Event ingestion

The canonical "ad-click counter" question, asked at billing-grade correctness. Every event has to land, every event has to be counted once, and the customer-facing dashboard has to be fresh enough to be useful. The shape of the answer is familiar — a Kafka tier, idempotency keys, a columnar store for rollups, a fraud filter — but the details are where the design earns its keep. Most candidates get the pipeline right and the accounting wrong.

1 · Clarifying questions

Five minutes. The correctness bar is the question that changes the architecture more than any other — pin it down first.

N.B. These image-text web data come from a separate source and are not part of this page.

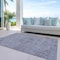 Homeroots 8' X 10' Blue And Gray Floral Washable Indoor Outdoor Area Rug 604213 - alternate 6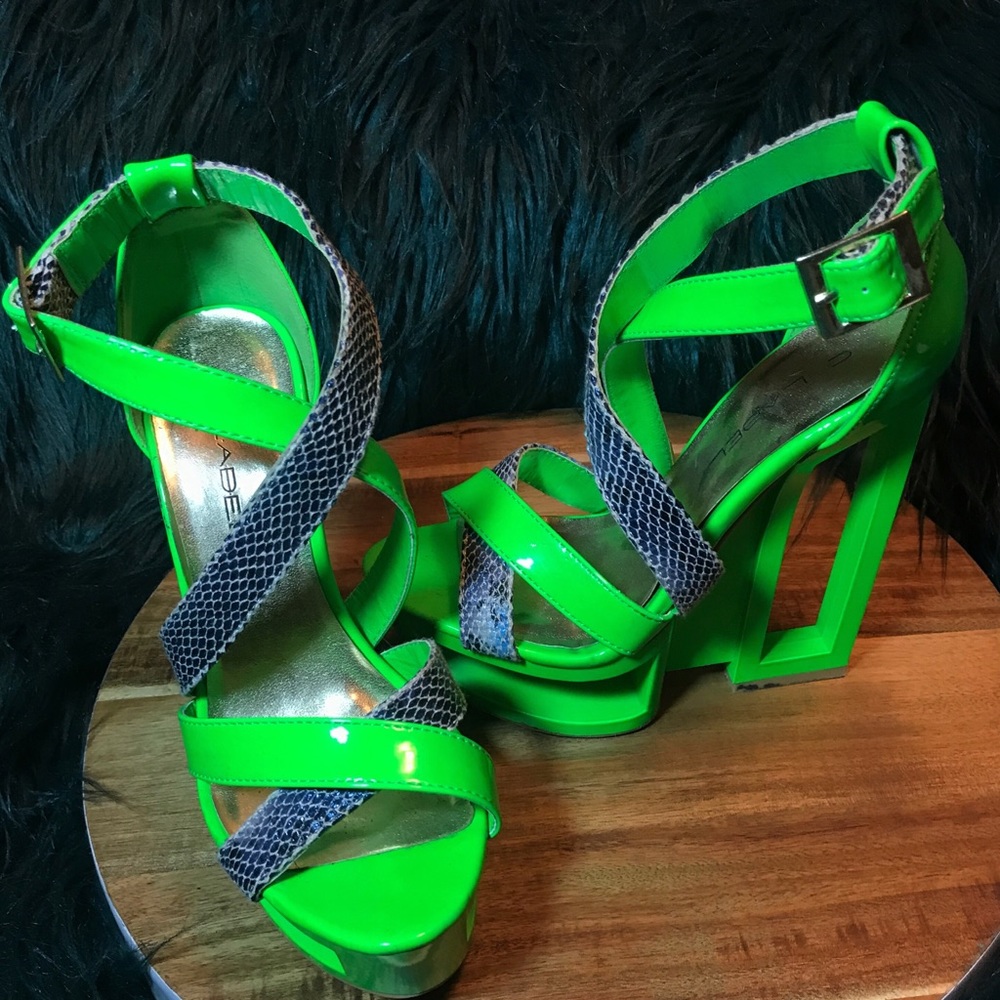 Pre-owned C Label Lime Green Cutout Heels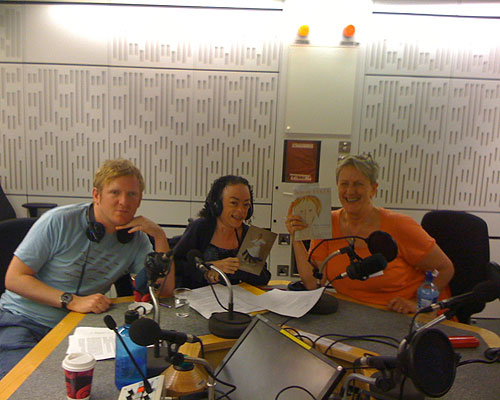 Rob Crossan, Liz Carr and Bobby Baker during the recording of the Ouch Talk Show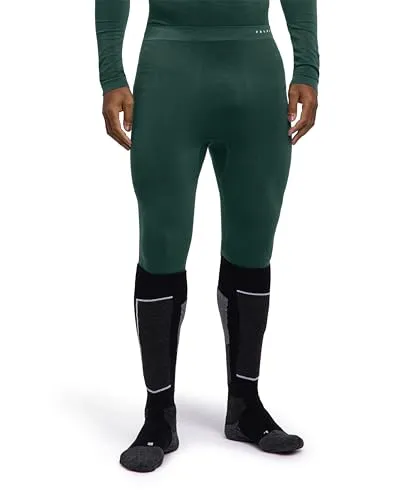 FALKE Herren Baselayer-Hose Maximum Warm 3/4 M Ti Funktionsmaterial schnelltrocknend 1 Stück, Grün Holly 7385 Trend, XL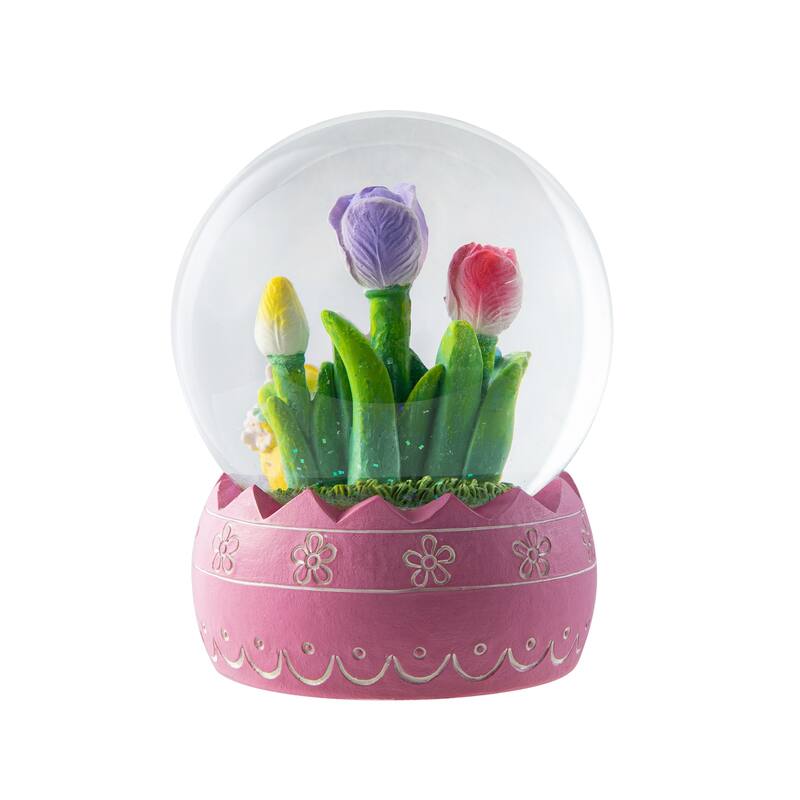 Glitzhome Easter Resin Bunny Couple Waterglobe Spring Gifts Table Decor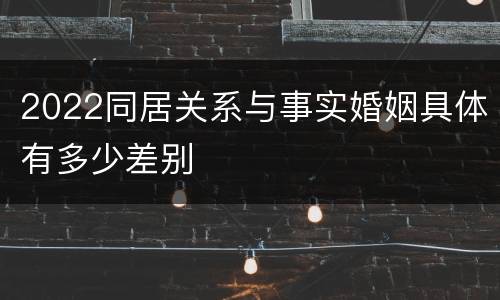 2022同居关系与事实婚姻具体有多少差别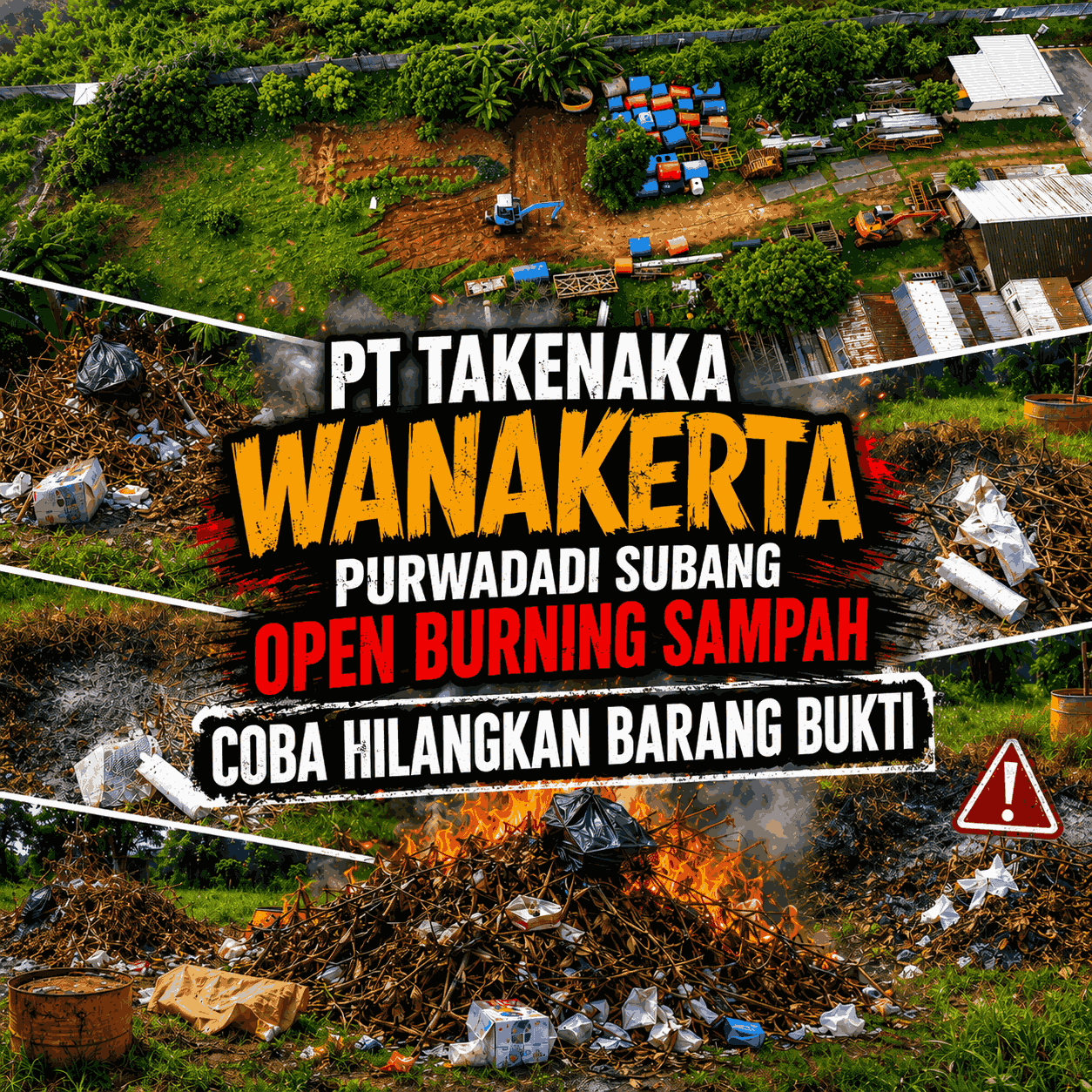 PT. Takenaka Diduga Hilangkan Jejak Pembakaran Sampah, Area Bekas Open Burning Dikeruk Alat Berat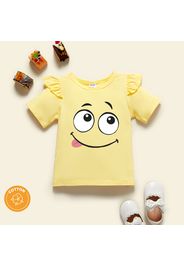 Toddler Girl Graphic Smiley Print Ruffled Short-sleeve Tee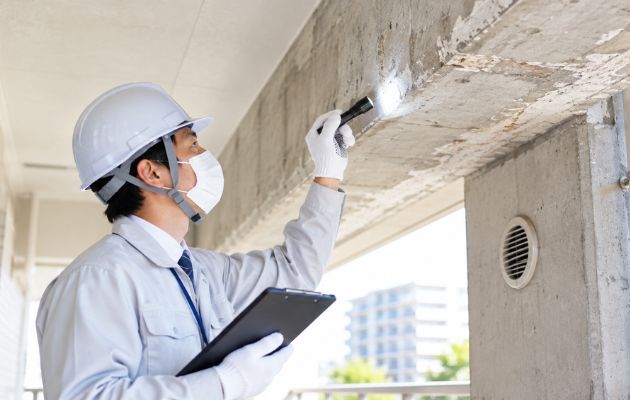 アスベストの事前調査をしている工事業者の写真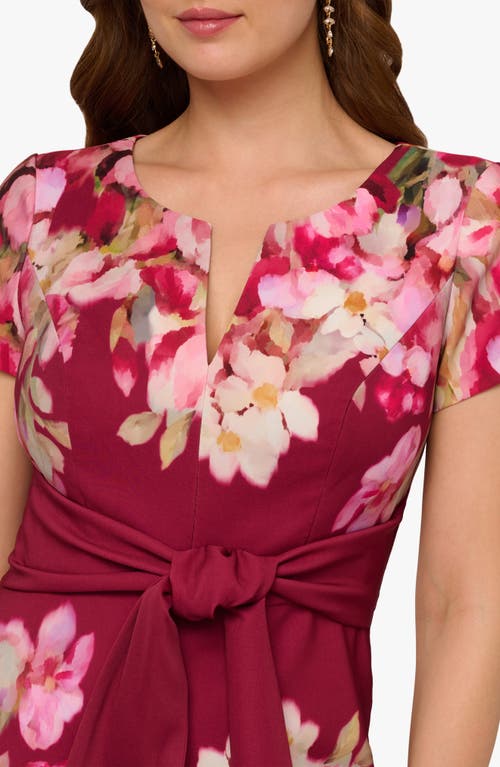 Adrianna Papell Floral Print Tie Front Stretch Twill Sheath Dress In Purple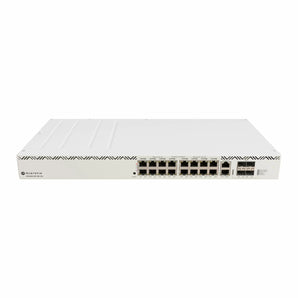 MikroTik CRS320-8P-8B-4S+RM: 16-port PoE++ switch with eight 90W 802.3bt ports, eight Gigabit ports, and four SFP+ ports.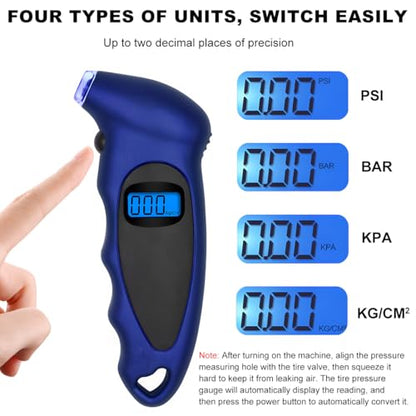 KVAEY Digital Tire Pressure Gauge, 150 PSI 4 Settings Accurate Tire Gauge with Non-Slip Grip, Backlight LCD Tire Pressure Gauge Reader Checker Tool for Car Truck Bicycle Motorcycle (Blue) - color: Blue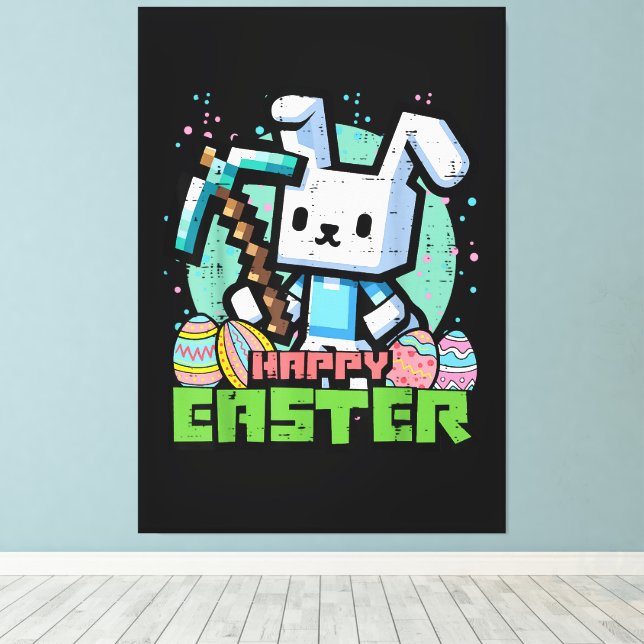 Toile Jeu de pixels de lapin de Pâques heureux (Insitu (Plancher de Bois))
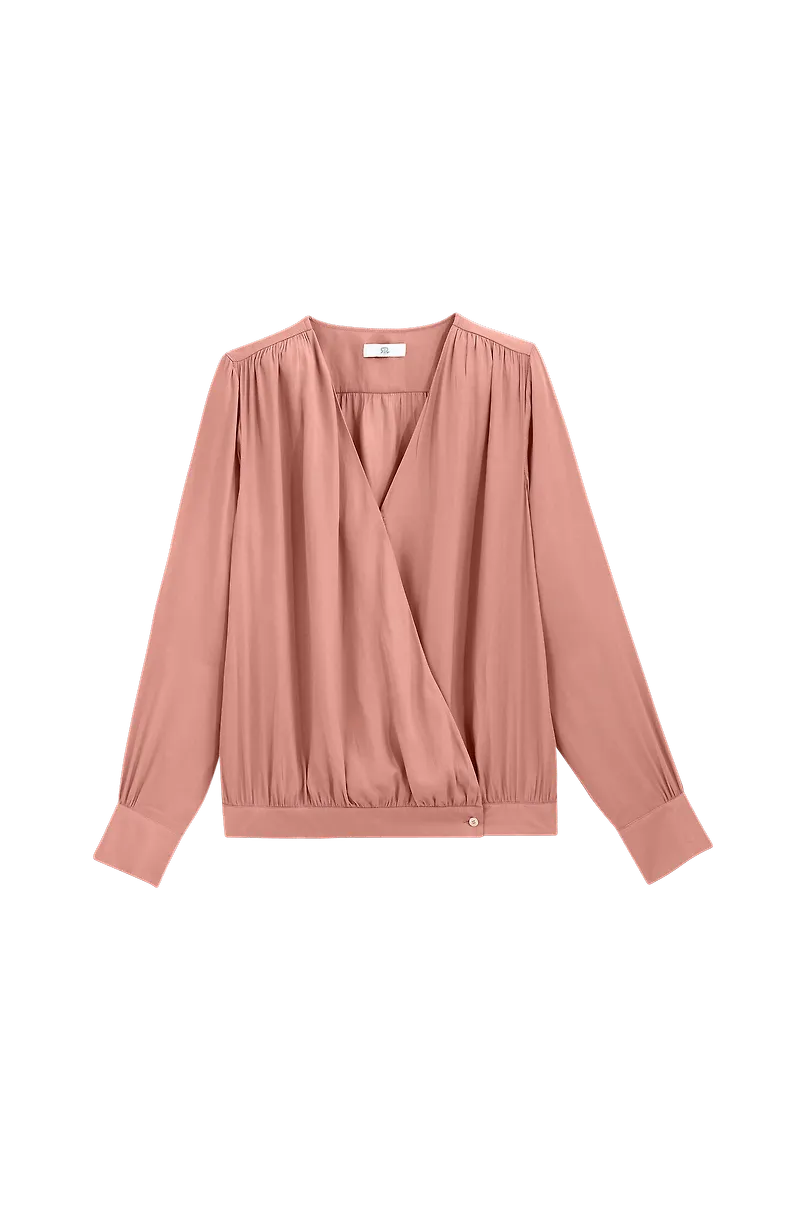 La Redoute - Omlottblus med lång ärm - Rosa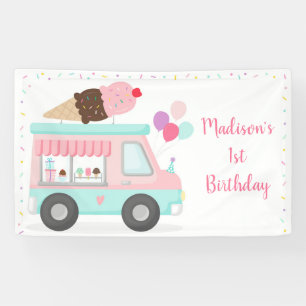 Niedlicher Eiskrem LKW Geburtstag Banner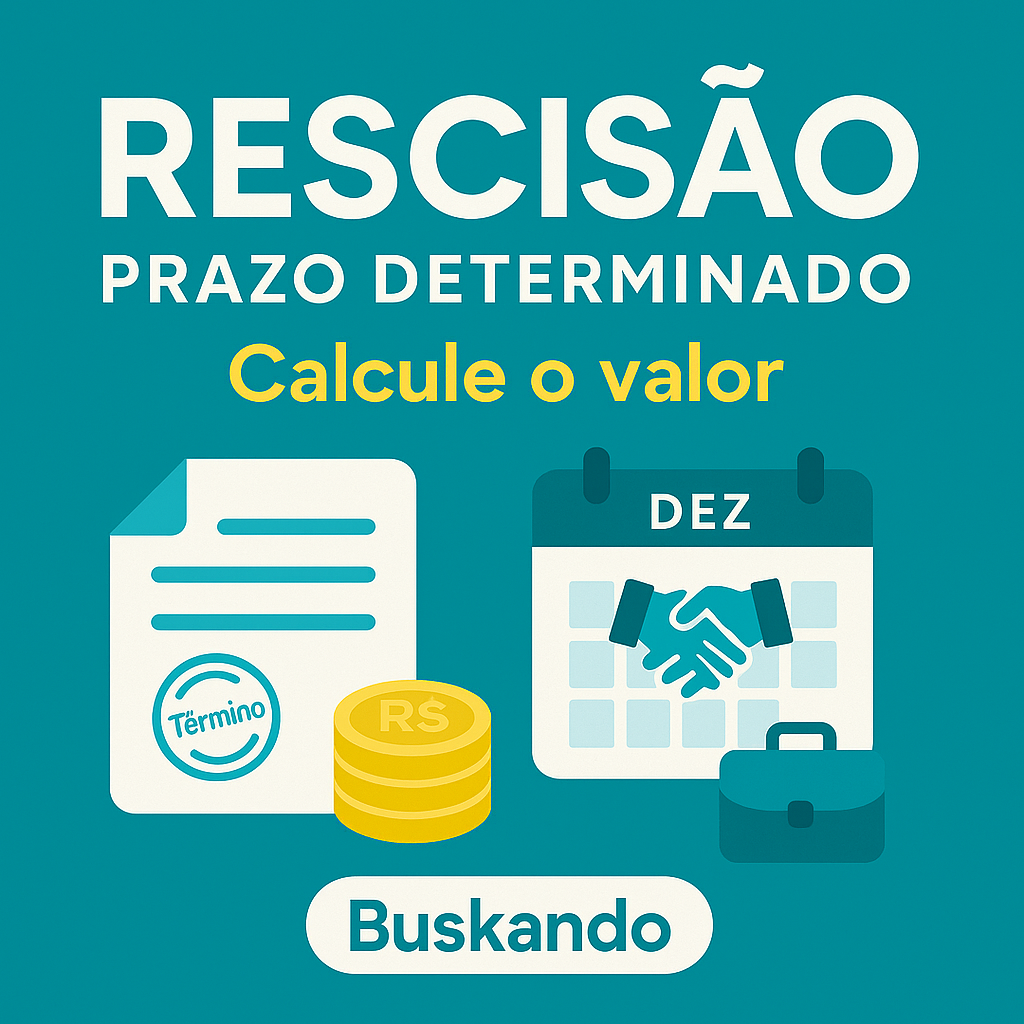 Calcular rescisão por prazo determinado: arte em teal com “Rescisão — Prazo Determinado: Calcule o valor”, ícones de documento, calendário Dez, moedas e pasta, marca Buskando.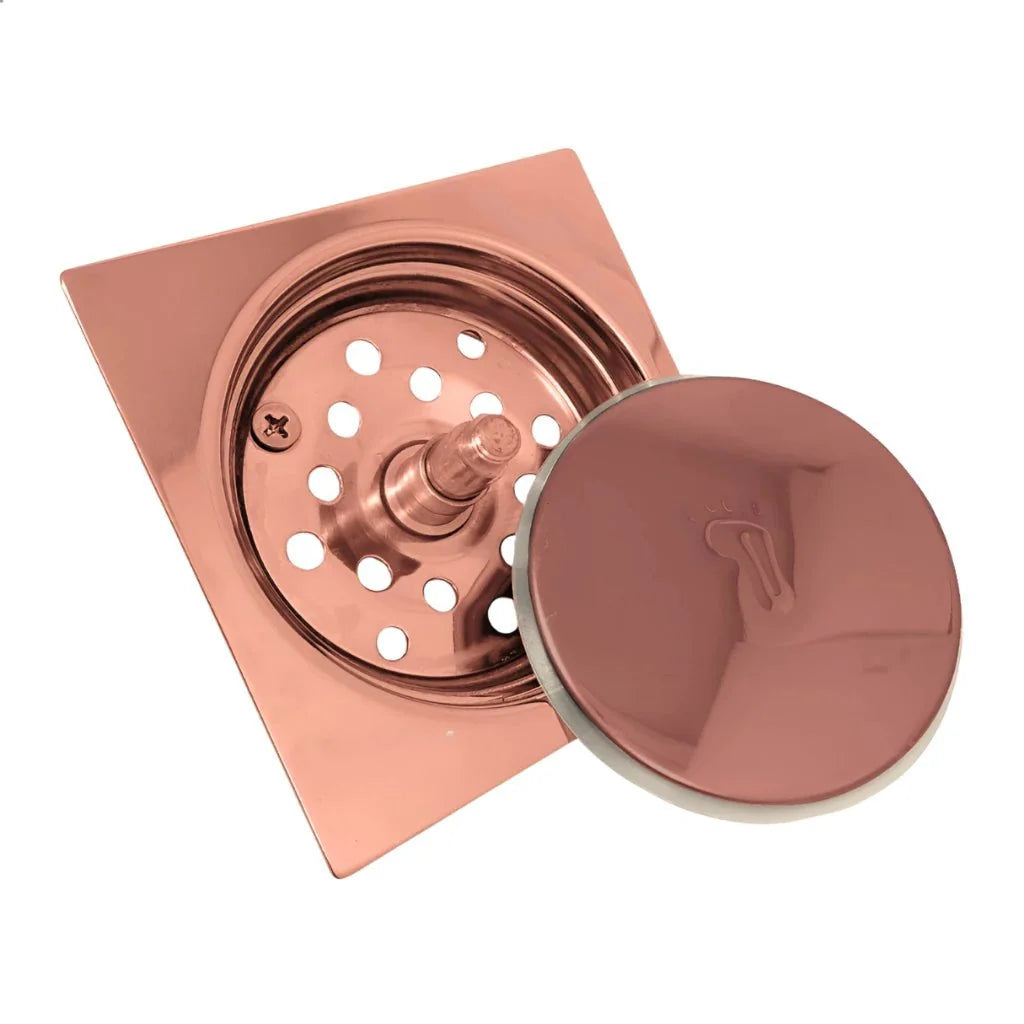 Ralo De Banheiro Click Inteligente 10x10 cm Inox rosé - rosé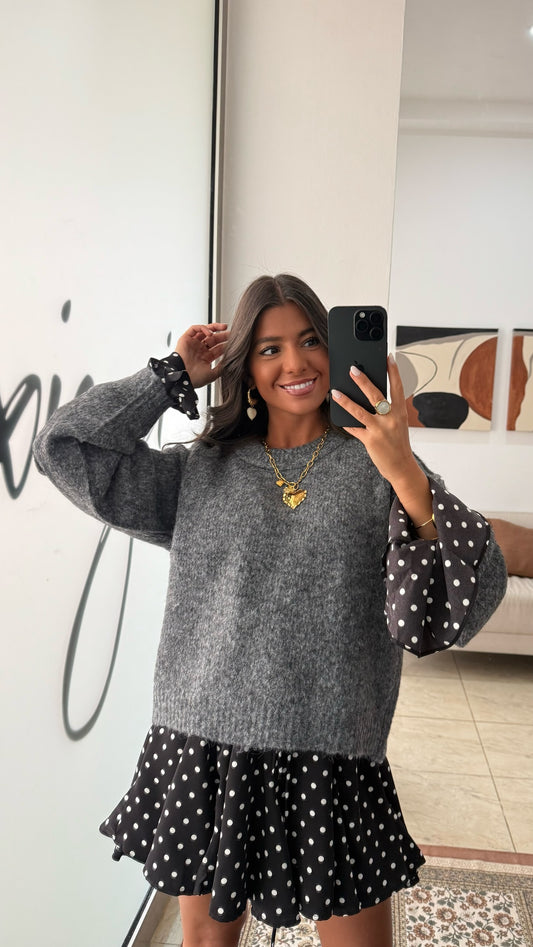 Dark Grey Wool-Blend Sweater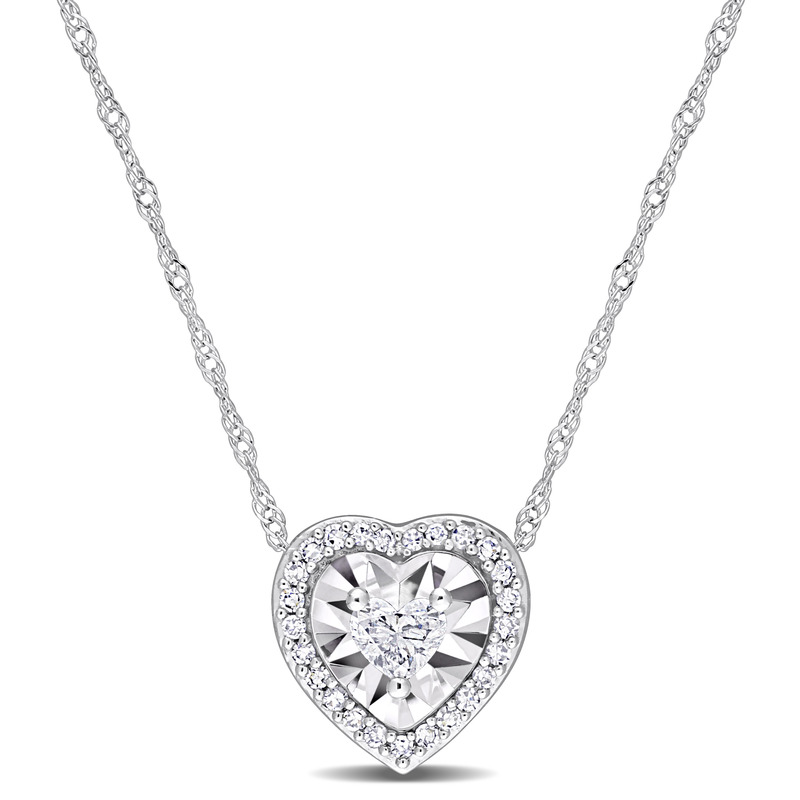 1/4 CT Heart and Round Diamonds TW Fashion 17" Necklace in 14k White Gold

Events per second at peak?	Assume 1M events/sec sustained, 5× burst at peak hours. That puts the ingest tier in "Kafka, not RabbitMQ" territory and forces sharded consumers.
What's the correctness bar?	Three tiers: estimate (analytics dashboards), audited (internal reporting), billing-grade (advertisers get invoiced from these numbers). Assume billing-grade — it dominates the design.
Fraud filtering required?	Yes. Click fraud is ~10–20% of raw traffic in ads; uncaught fraud directly inflates customer bills. Filter at ingest, refine in batch.
Freshness budget for the customer dashboard?	~60 seconds for real-time numbers; final billing numbers can be hours late. Two tiers of freshness with different correctness bars.
Historical query horizon?	90 days hot (sub-second queries), 5 years warm (minute-class queries), beyond that archived. Tiering drives most of the storage cost.
Customer query shape?	Mostly rollups by hour or day, scoped to a campaign. Top-K queries (top spending advertisers, top-converting creatives). Ad-hoc drill-down is rare but must work.
Schema stability?	Events evolve — new fraud signals, new device fields. Schema registry with backward-compatible evolution required.
Multi-tenant isolation?	Yes, soft. One advertiser's runaway campaign should not block another's ingest. Per-tenant quotas at the edge.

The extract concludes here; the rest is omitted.